Venezuela vive tristes tiempos de bancarrota. El socialismo del siglo XXI se exhibe con su mortecina y sus jirones, dando pena ajena, pero resistiéndose a morir.

Ayn Rand, tal vez imaginando situaciones similares, que toda su vida advirtió como posibles, señaló que, frente a las épocas de ruina, los individuos solo tienen dos cursos de acción posibles:

“Pueden evadir la realidad de su situación y actuar frenéticamente, a ciegas, siguiendo la conveniencia del momento, sin atreverse a mirar hacia adelante, deseando que nadie diga la verdad, pero esperando contra toda esperanza, que algo los salvará, de alguna manera. O pueden reconocer la situación, revisar las premisas, descubrir sus activos ocultos, y comenzar a reedificar”.

Con esa frase podríamos terminar el artículo.

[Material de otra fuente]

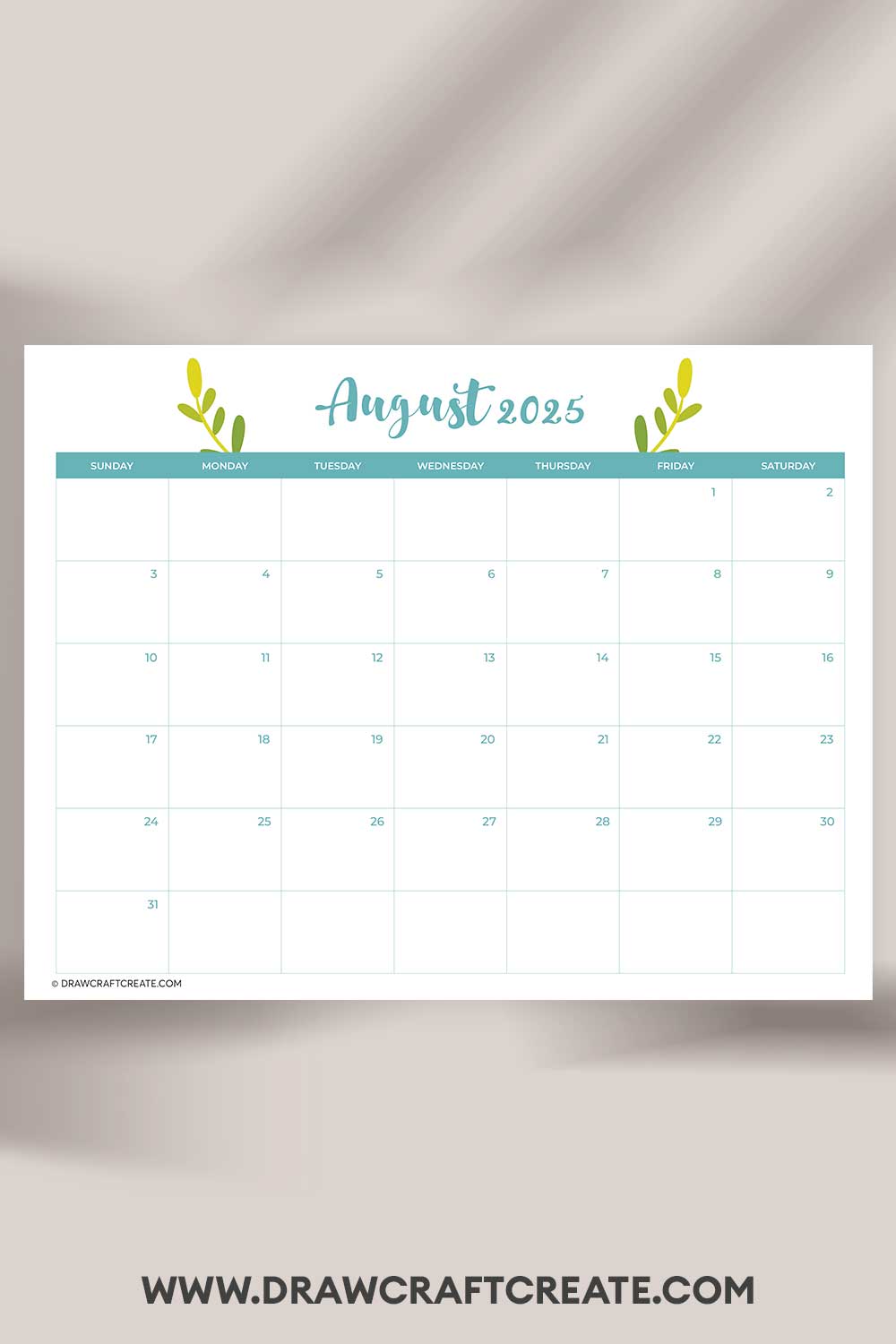 printable august 2025 calendar landscape
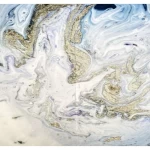 Chinese marble alternative, size 290 x 120 cm rectangle,  blue wavy golden resin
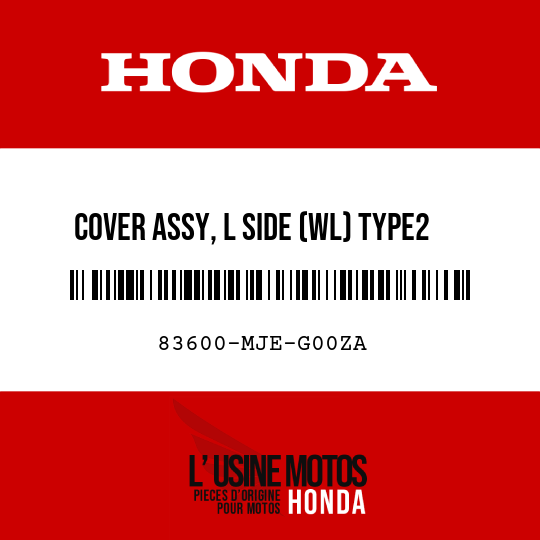 image de 83600-MJE-G00ZA COVER ASSY, L SIDE (WL) TYPE2 (TYPE2 )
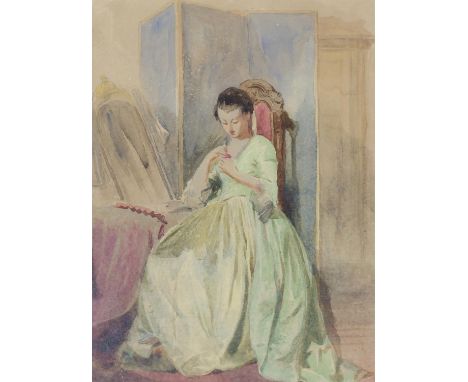 Abraham Solomon (British, 1824-1862), portrait of a young woman sewing. Watercolour and pencil. Framed and glazed. Label vers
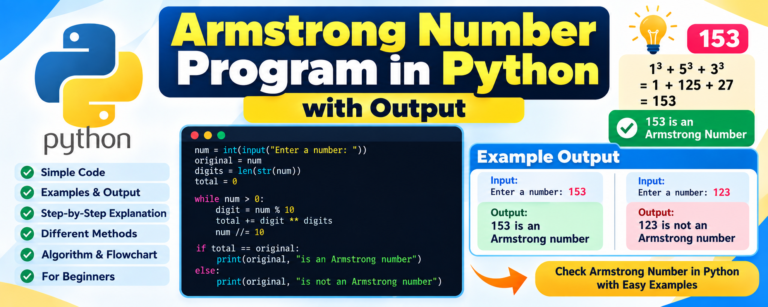 Armstrong Number Program in Python with code and output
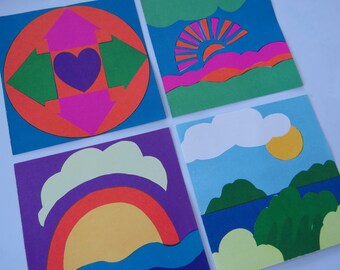 Vintage 60's Pop Art Stationery Notes Contemporary Sun Rainbow Modern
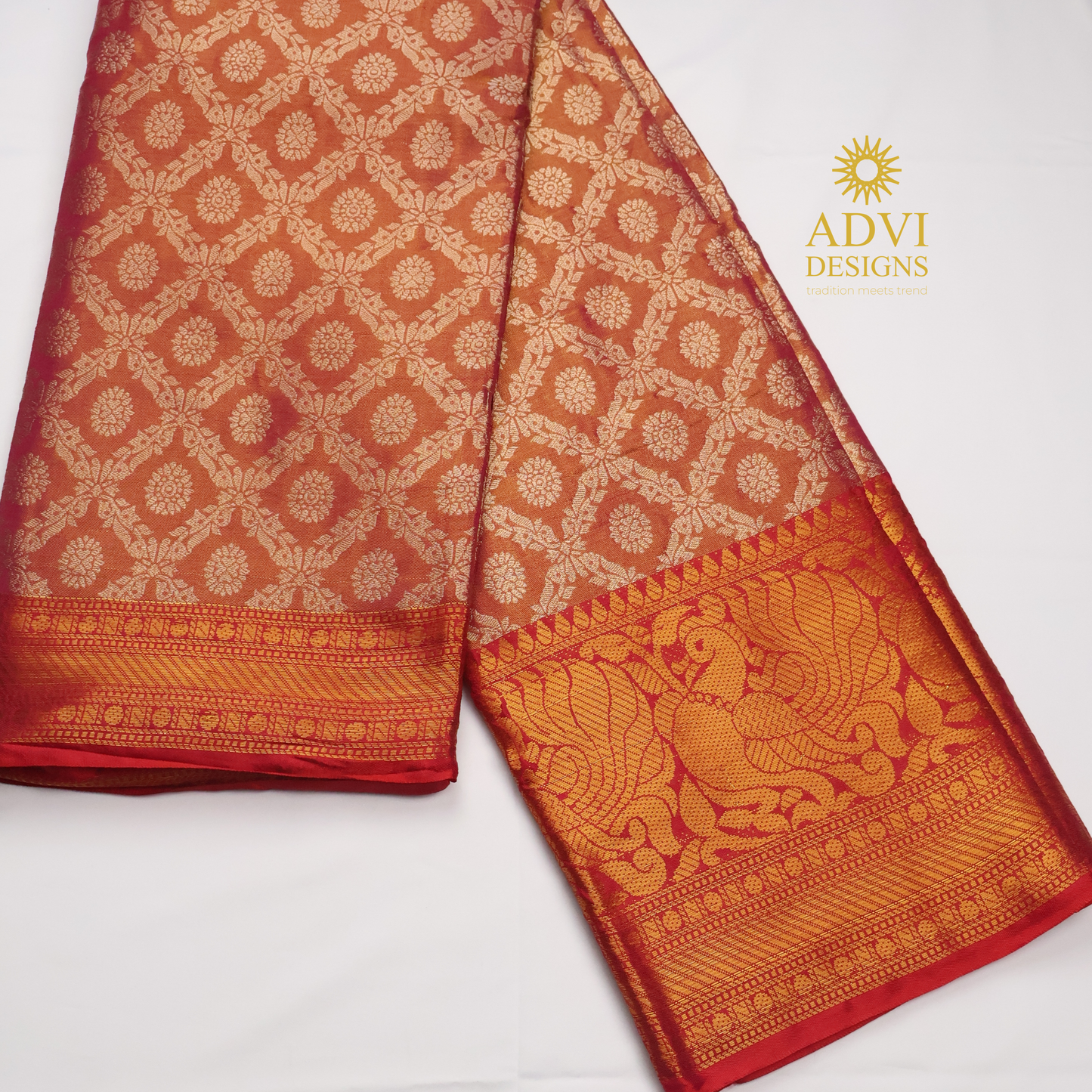 Dusty Rose Brocade Silk Saree with Antique Gold Zari Border & Rich Copper Brocade Pallu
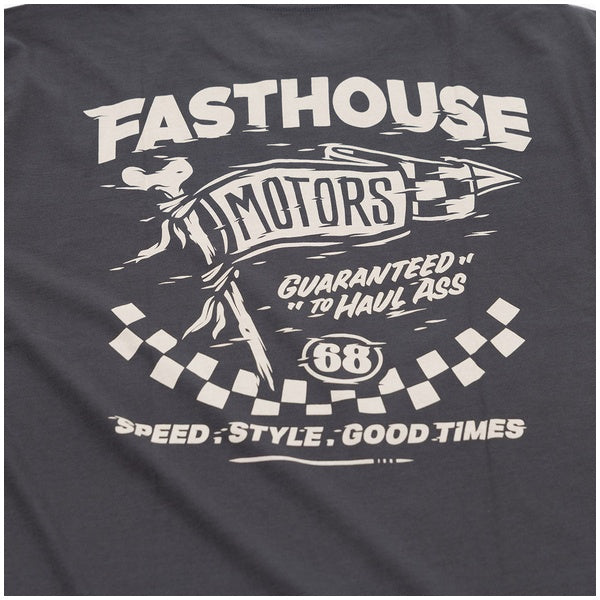 Fasthouse All Out Tee in Graphite Black, back graphic detail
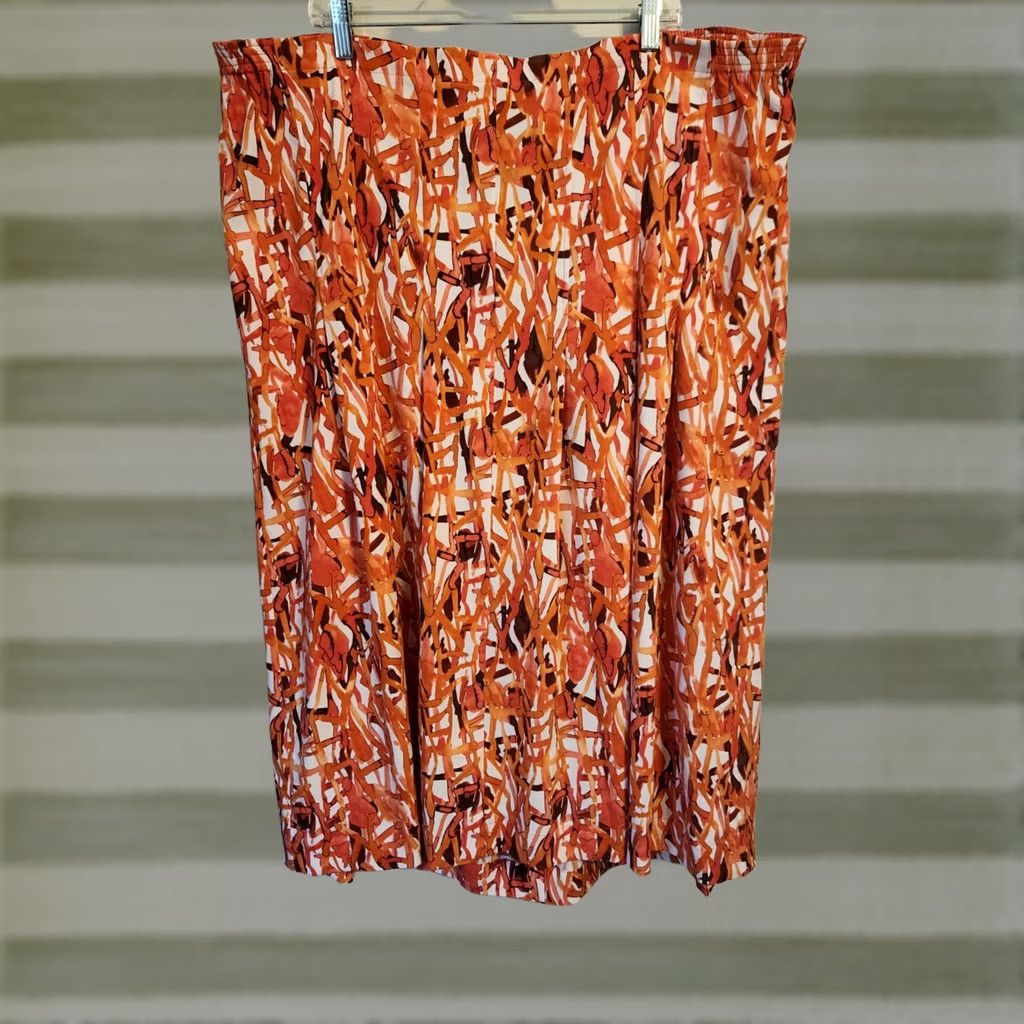 Vintage Maggie Barnes Skirt Maxi Elastic Waist Geometric Print 3X White Orange Womens Plus Long Size 40" / US 18 - 1 Thumbnail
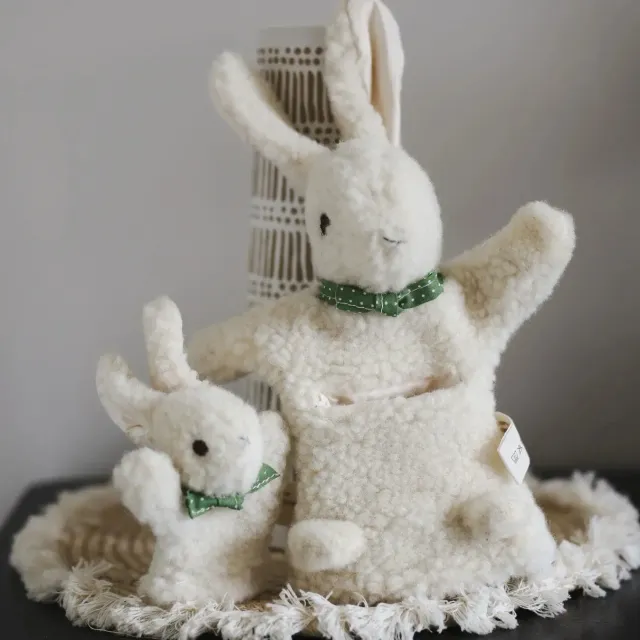 Sassoupi Maman Bébé marionnette laine vierge douce
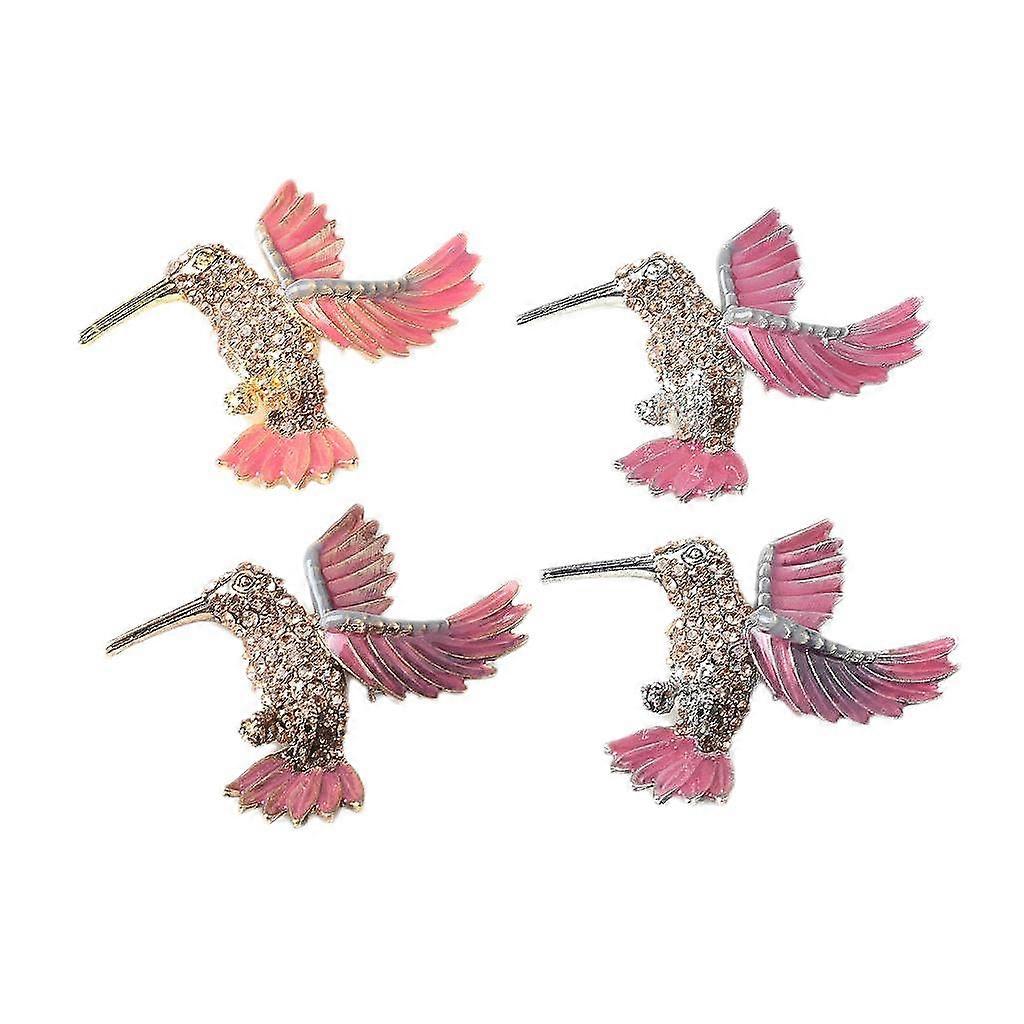 4x Shape Alloy Rhinestone Brooch Flatback Buttons Buttons Embellishment For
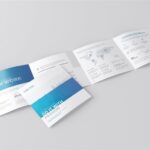 Square 4 Fold Brochure Mockup in 4 Sights
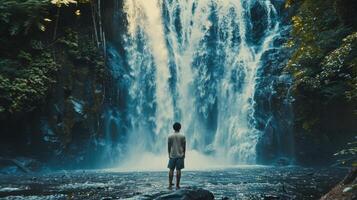 A man stands at the base of a towering waterfall back to the camera as gazes up at the cascading water and the surrounding . photo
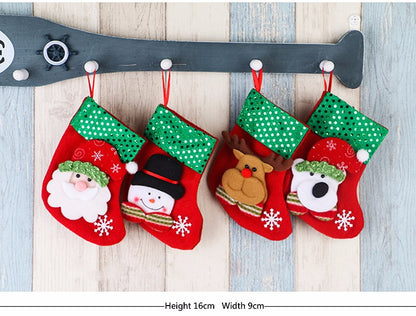 4pcs Cartoon Christmas Tree Socks Hanging Ornaments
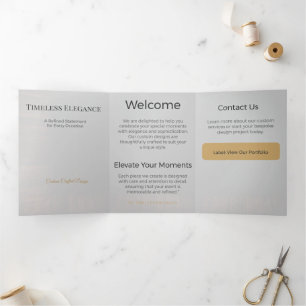 Com Dobra Tripla Cartão Triptico Design Minimalista Elegante Neutro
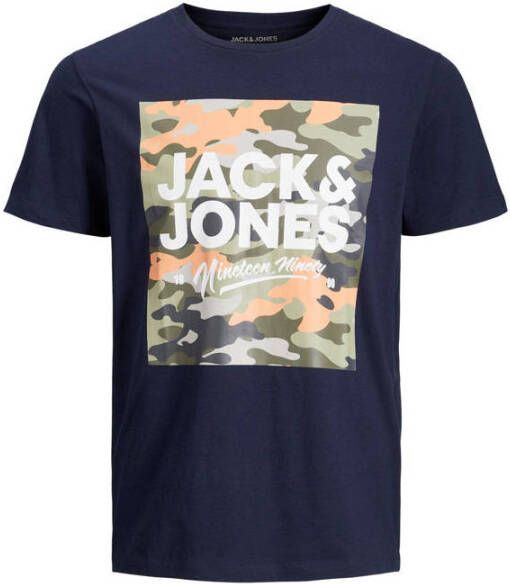 JACK & JONES regular fit T-shirt met logo navy blazer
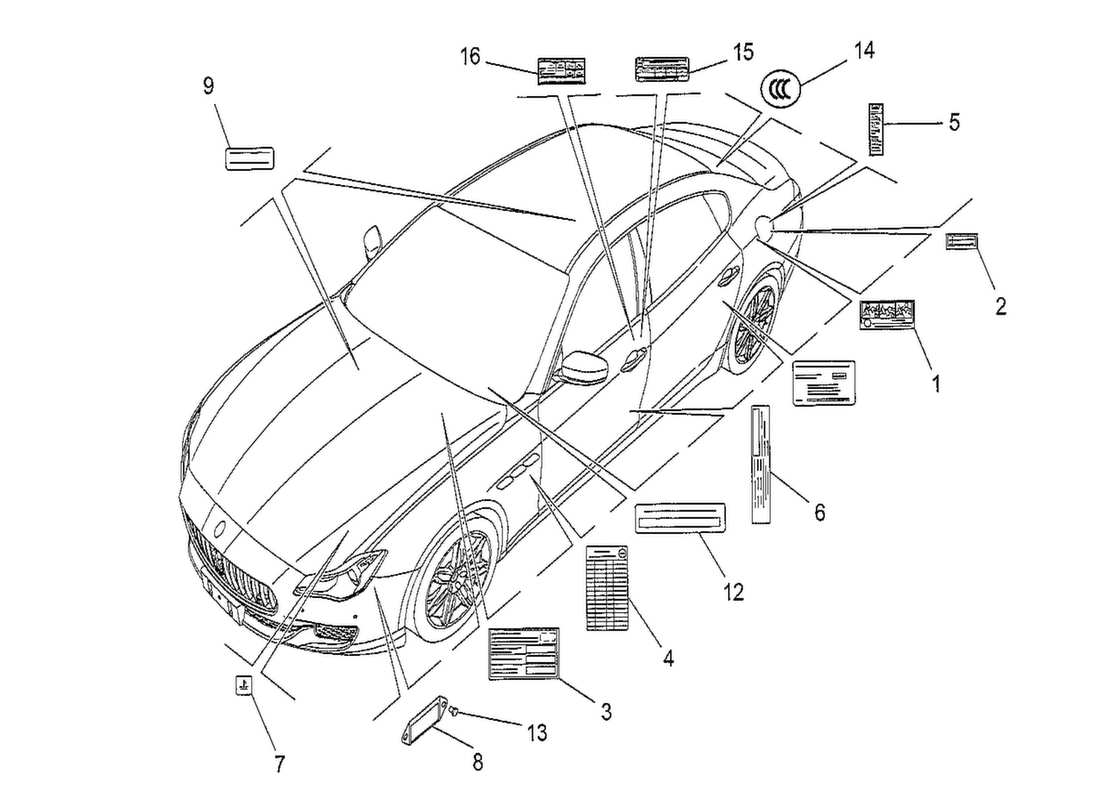 maserati qtp. v8 3.8 530bhp 2014 stickers and labels parts diagram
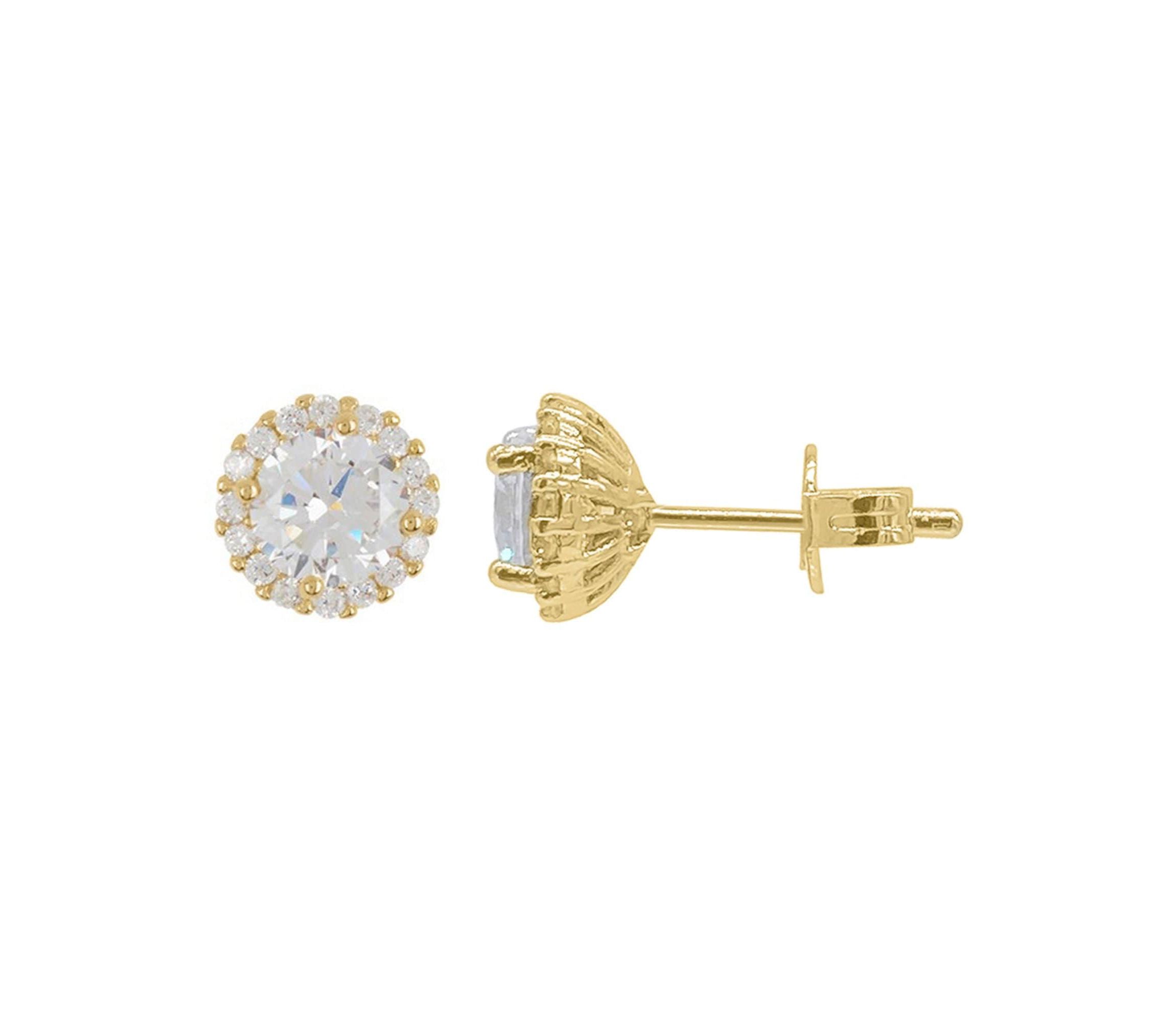 14k Gold Plated Crystal Halo Earrings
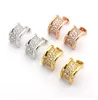 New Arrival Fashion Women Lady Titanium Steel Full Diamond Gear B Letter Engagement 18K Plated Gold Earrings 3 Color273j
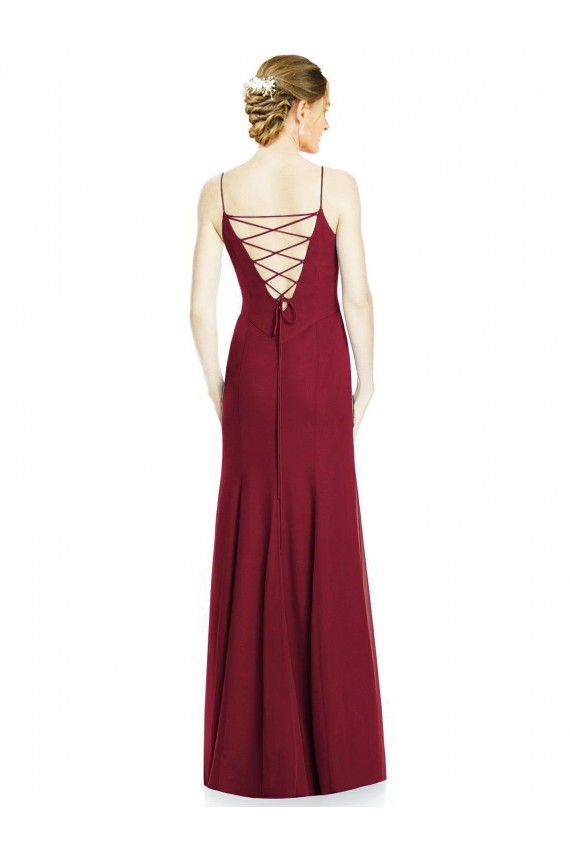 Boutique Bordeaux Sirène Bretelles spaghetti Mousseline Longue Robes demoiselle d'honneur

Pero vale la pena abundar a los fines de la pedagogía política. Nicolás Maduro acaba de darle más velocidad al derrumbe del país, y al colapso de cualquier esperanza de rectificación. Los socialismos son recalcitrantes en el error, entre otras cosas porque creen que la utopía es perfecta y realizable, solo que ellos, sus autores, son incapaces de dar con la intensidad correcta, con la sincronía perfecta. Por lo tanto, nunca desmayan en el intento, no tienen reversa analítica e insisten obsesivamente hasta que todos ellos son aplastados por la fuerza de la realidad.